Resumo: Liderança feminina é um tema que está em alta. E por quê? Porque as mulheres ainda ocupam poucos cargos da alta gestão, seja no Brasil ou no mundo. Grupos de pesquisas estão se debruçando em estudar as questões do trabalho feminino e as dificuldades de progressão enfrentadas pelas mulheres até os dias de hoje. Muitos símbolos são usados para representar essas barreiras, como degrau quebrado, teto de vidro, labirinto, abelha rainha, entre outros. A busca por mais justiça social perpassa muitos assuntos, e este é um deles. Mulheres são gestoras natas, se compararmos o que as mulheres fazem em sua rotina com a de grandes empresários, elas não saem perdendo em nada (planejamento, tomada de decisões, estratégias e gerenciamento de riscos etc.). Este artigo convida para uma leitura, reflexões e contribuições. Subir a montanha sozinha é mais difícil que acompanhada, não acha?
Contexto histórico e socioeconômico
Quando pensamos na progressão de carreira e ocupação de cargos de gestão, incluindo altos cargos, a distância entre os homens e as mulheres é algo que se faz notar. A história que conhecemos foi contada pelos homens, e raramente deu destaque as conquistas femininas, legando papeis desvalorizados e invisíveis na sociedade.

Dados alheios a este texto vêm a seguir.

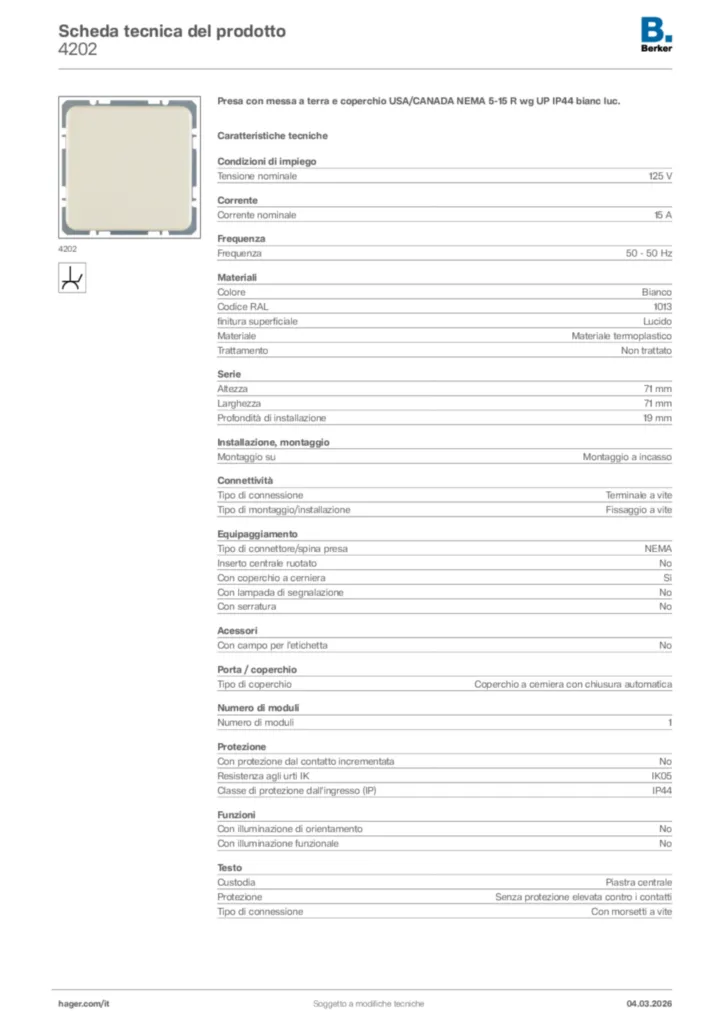 Immagine Berker Scheda tecnica del prodotto 4202 | Hager Italia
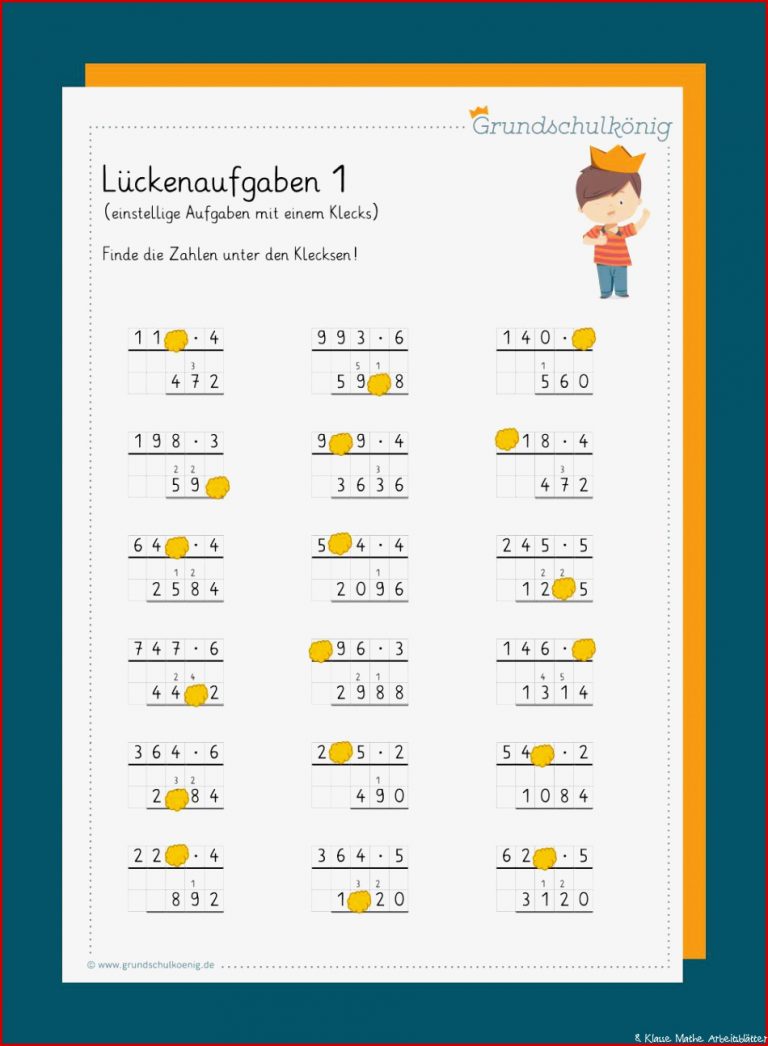 Lückenaufgaben Klecksaufgaben schriftliches Multiplizieren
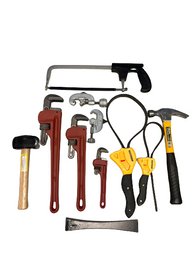 Pittsburgh Wrenches (8-18), Mastergrip Strap Wrench, Saw, Hammers & More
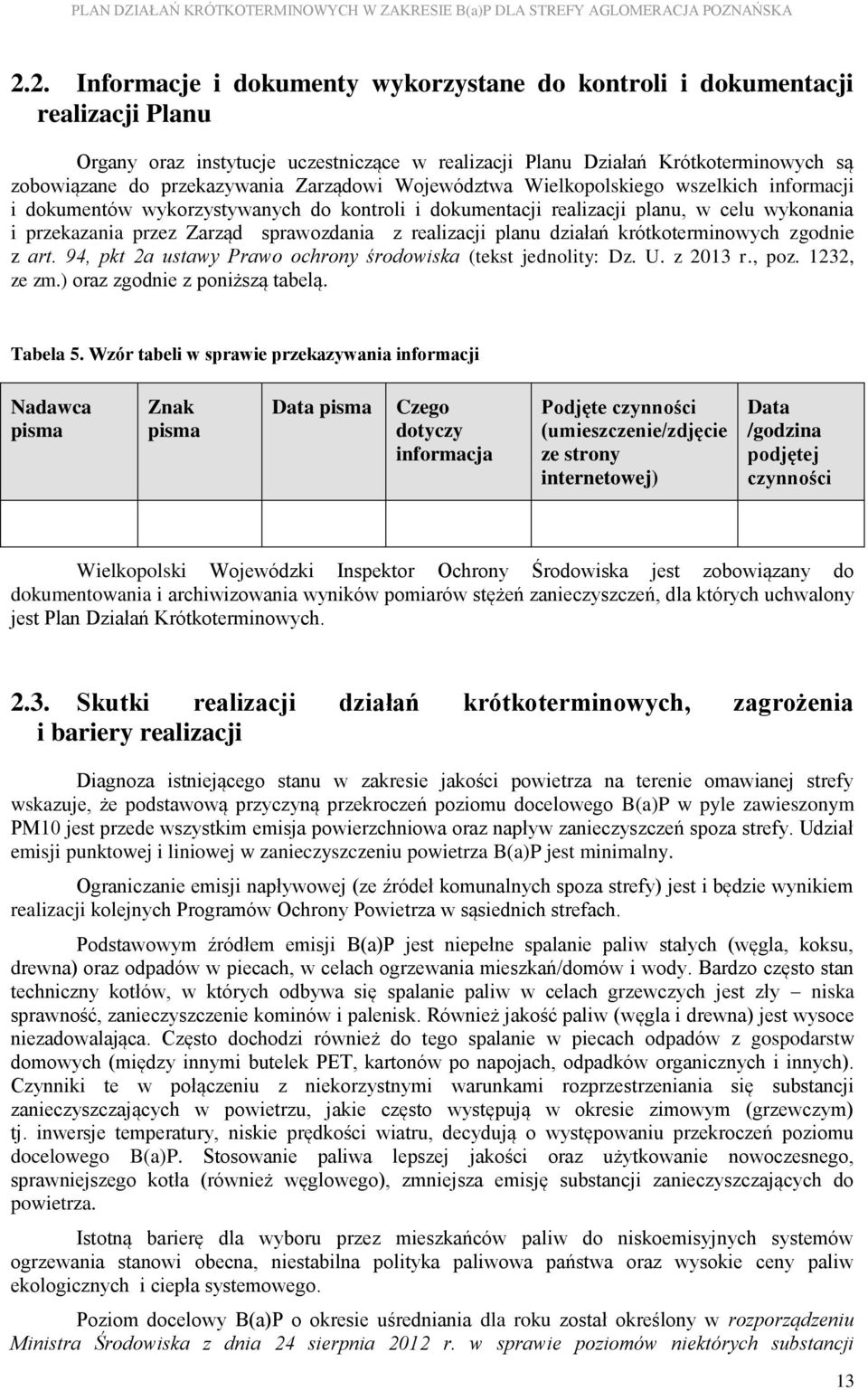 realizacji planu działań krótkoterminowych zgodnie z art. 94, pkt 2a ustawy Prawo ochrony środowiska (tekst jednolity: Dz. U. z 2013 r., poz. 1232, ze zm.) oraz zgodnie z poniższą tabelą. Tabela 5.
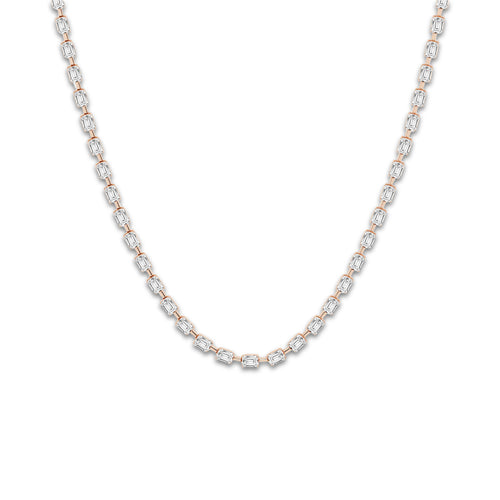 7 ctw Emerald Lab Grown Diamond East West Link Necklace 14K Rose Gold, DE, VS1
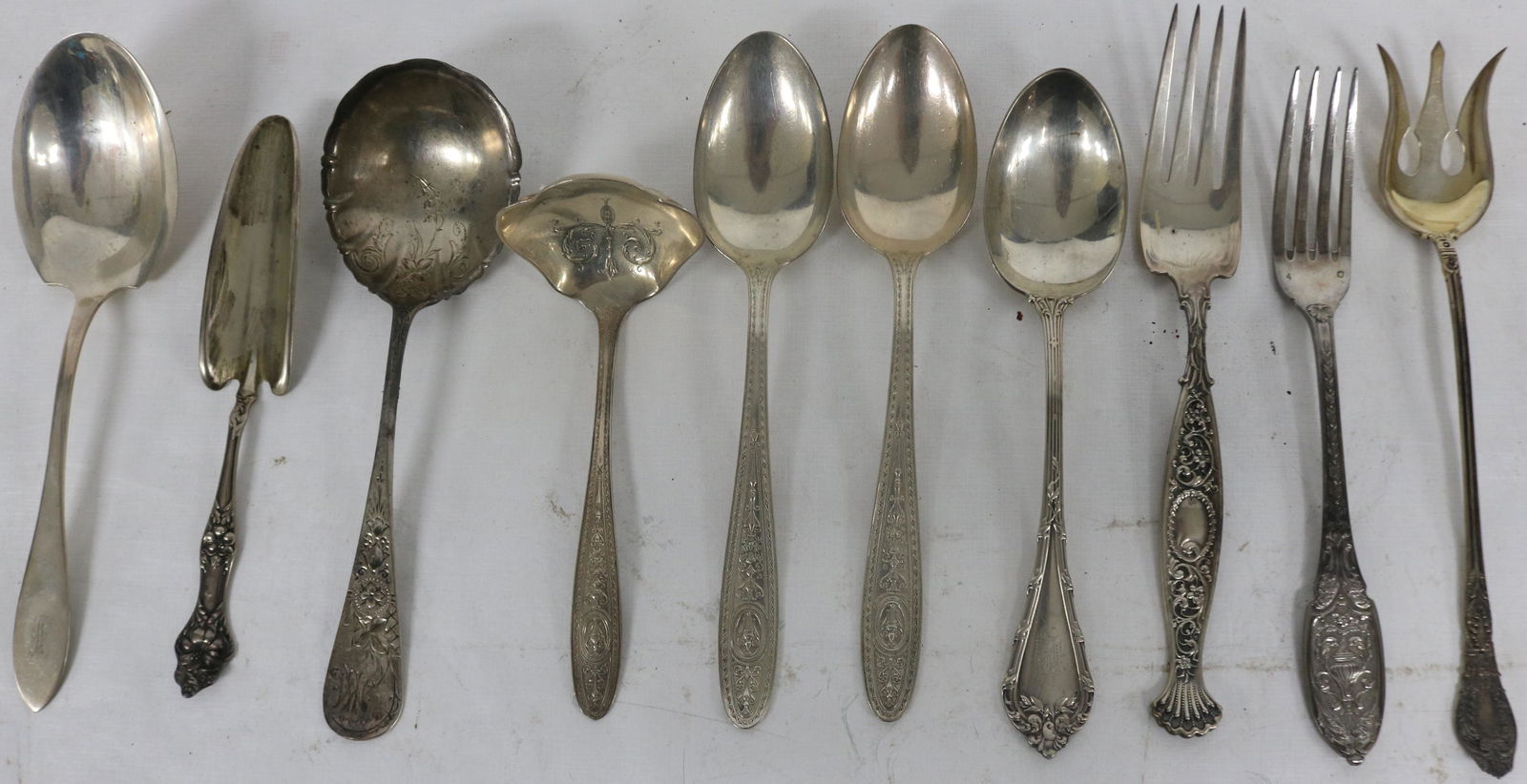 10 STERLING SERVING PCS. TO INCLUDE SPOONS, (1 of 1)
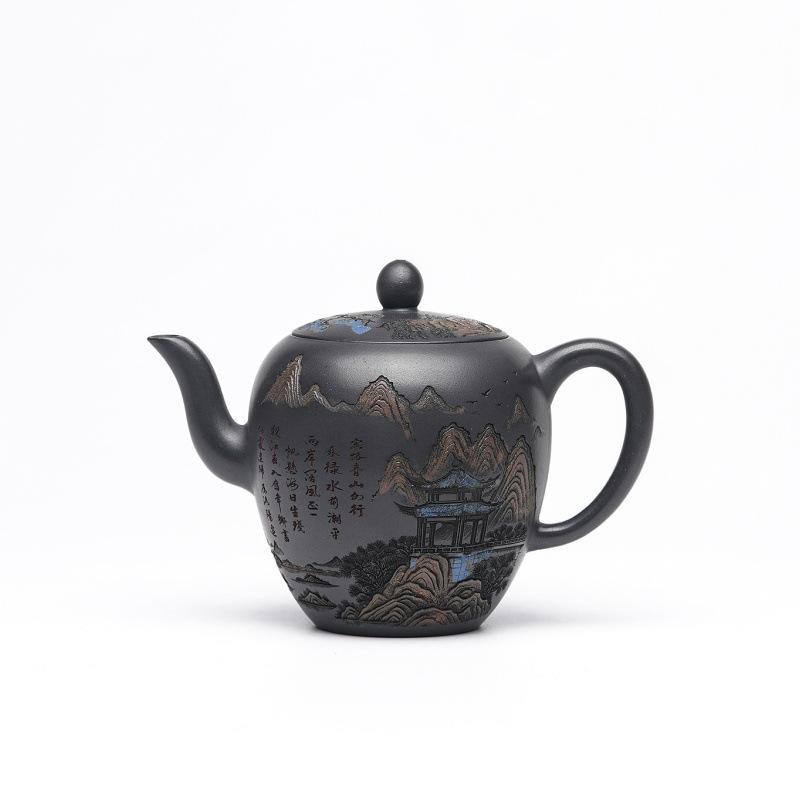 

220ml Vintage Yixing Purple Clay Teapots Handmade Beauty Shoulder Pot Raw Ore Stone Yellow Mud Kettle Zisha Tea Set Supplies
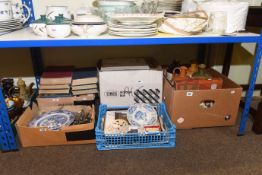 Five boxes of collectors plates, stone bottles, matchboxes, books, cutlery,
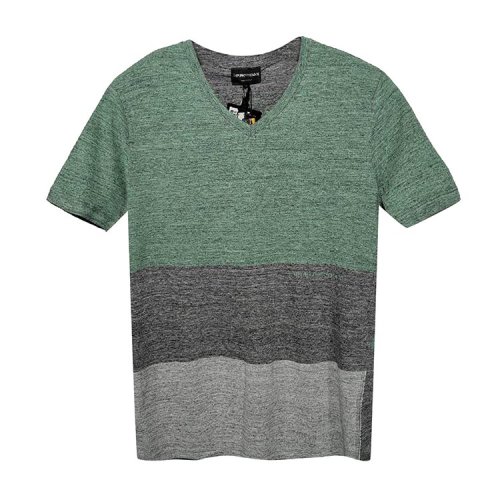 Emporio Armani/安普里奥阿玛尼 绿灰拼色男士短袖T恤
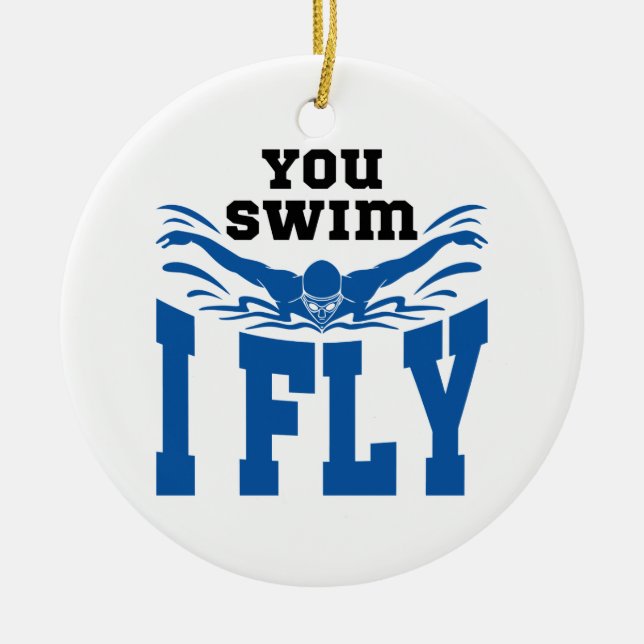 Schmetterling schwimmen Sie schwimmen I Fly Keramik Ornament (Vorne)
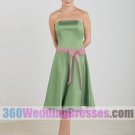 A-Line Strapless Dropped Waist Tea Length Satin Cheap Bridesmaid Dresses
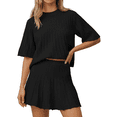 thumbnail image 1 of Women 2 Pieces Knit Set Half Sleeve Pullover Sweater and Mini Skirt Matching Sets, 1 of 7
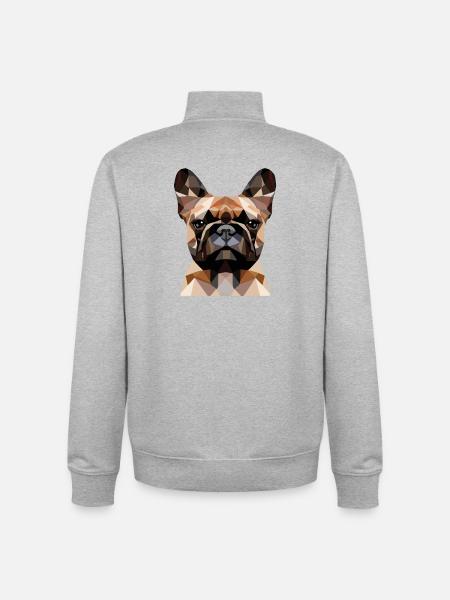 French Bulldog Polygon - Unisex Organic Zip Sweatshirt by Stanley/Stella - heather grey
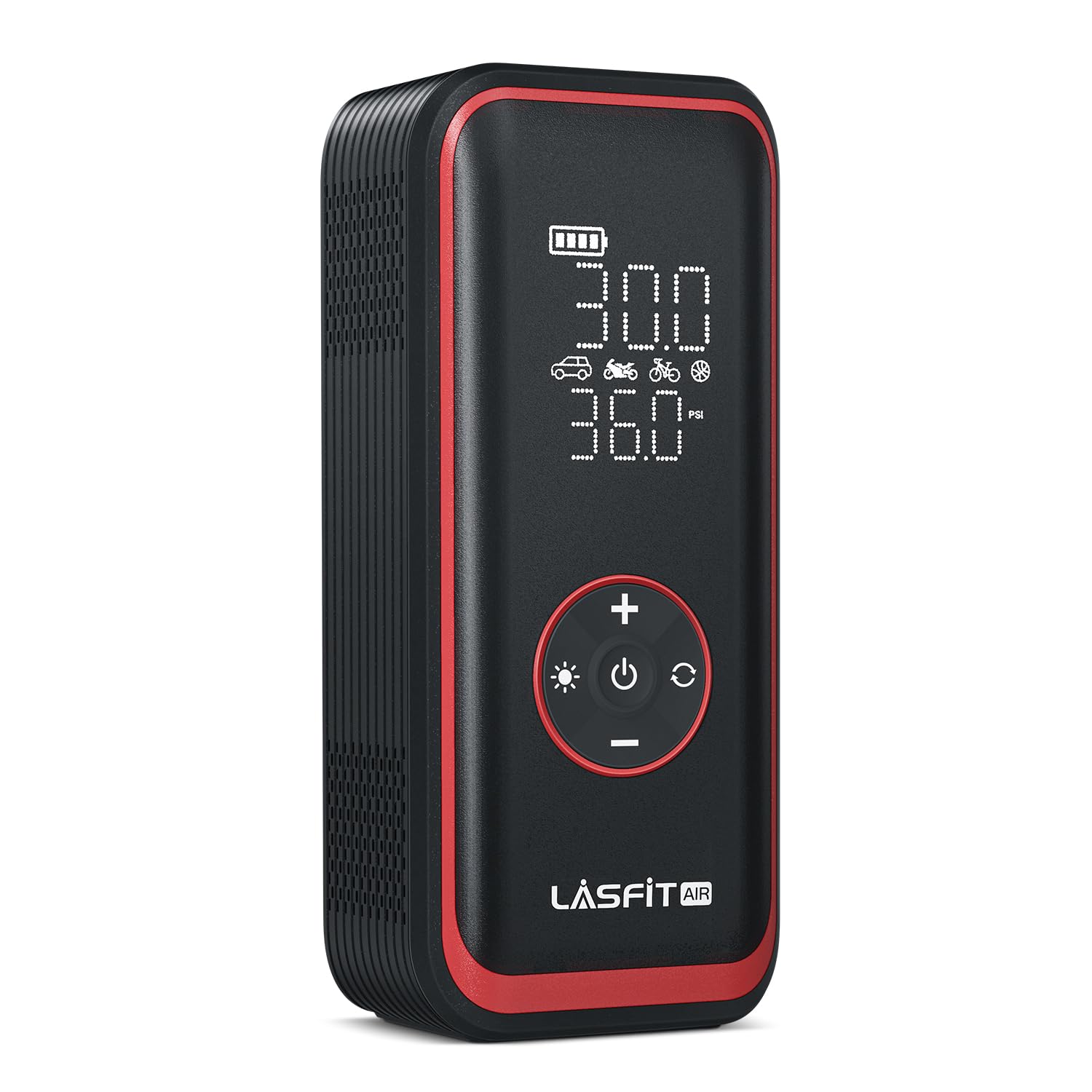 LASFIT TK1 Pro - Inflador de neumáticos portátil [5 veces más rápido] Inflador de neumáticos de 150 PSI, bomba de aire de 16000 mAH, funciona con pilas, para neumáticos de coche con medidor de presión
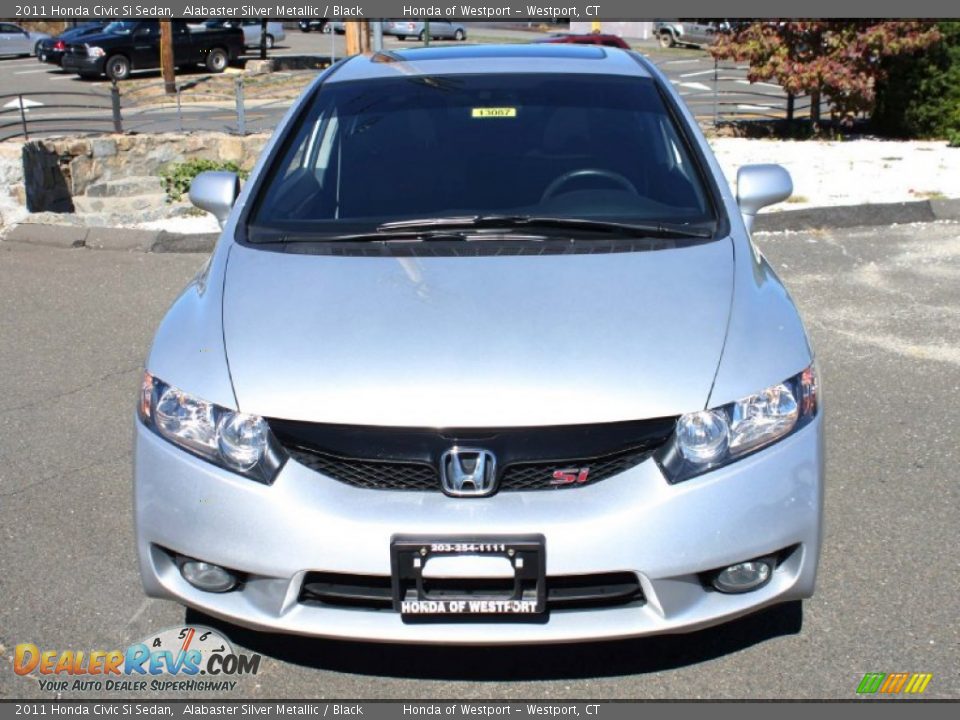 2011 Honda Civic Si Sedan Alabaster Silver Metallic / Black Photo #2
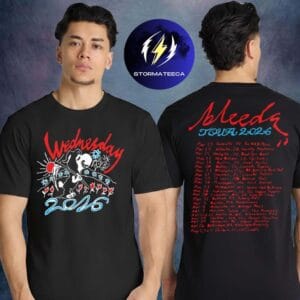 Wednesday Merch Bleeds Tour 2026 City Dates Two Sided Unisex T-Shirt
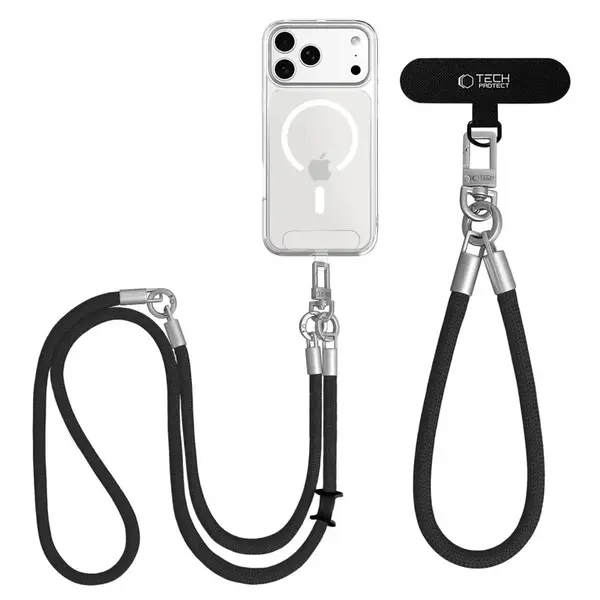 Tech-Protect C10S Crossbody & Wrist popruh, černý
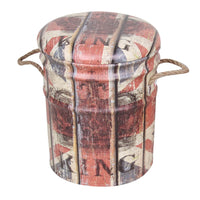 Set di 2 pouf contenitore Rotondo poggiapiedi in MDF PVC cm 30x30x38 - LENNY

O patriarcado levou mais de 2,5 mil anos para se consolidar, é uma criação histórica formada por homens e mulheres. Os comportamentos apropriados aos sexos eram expressos em valores, costumes, leis e papeis sociais. A sexualidade das mulheres e sua capacidade reprodutiva foi modificada antes da criação da civilização ocidental. O aparecimento da agricultura no período Neolítico fomentou a troca de mulheres intertribal, não só para evitar conflitos através da consolidação das alianças pelo casamento, mas também porque sociedades com mais mulheres produziram mais filhos, que poderiam ser usados na produção e acúmulo de excedentes. As mulheres se tornaram recursos a serem adquiridos, assim como as terras, seja através do casamento ou da escravidão (Lerner, 2019, p. 261-262).
O capital destinou à mulher, numa jogada dupla, o papel de criada e amante, aquela que dá a estrutura para que os homens sejam capazes de se instalar na máquina produtiva. A jogada genial foi convencer as mulheres que isso era inato a sua natureza, o trabalho doméstico e de cuidado, e que esse é seu papel na sociedade. Assim, a “mulher de verdade” é aquela que se ocupa dessa função.
As mulheres foram convencidas a trabalhar arduamente e a entender que seu trabalho não é trabalho, mas sim amor e dedicação à família, e, por ser assim, todo esse trabalho não é remunerado, visível ou reconhecido.
Silvia Federici (2019, p. 46) menciona que podemos não servir a um homem, mas todas estamos em uma relação de servidão no que concerne ao mundo masculino como um todo. Não importa a ocupação exercida por uma mulher, as consequências do patriarcado estarão em suas costas, gerando pressões em diferentes níveis, sobrecarga de trabalho e adoecimentos.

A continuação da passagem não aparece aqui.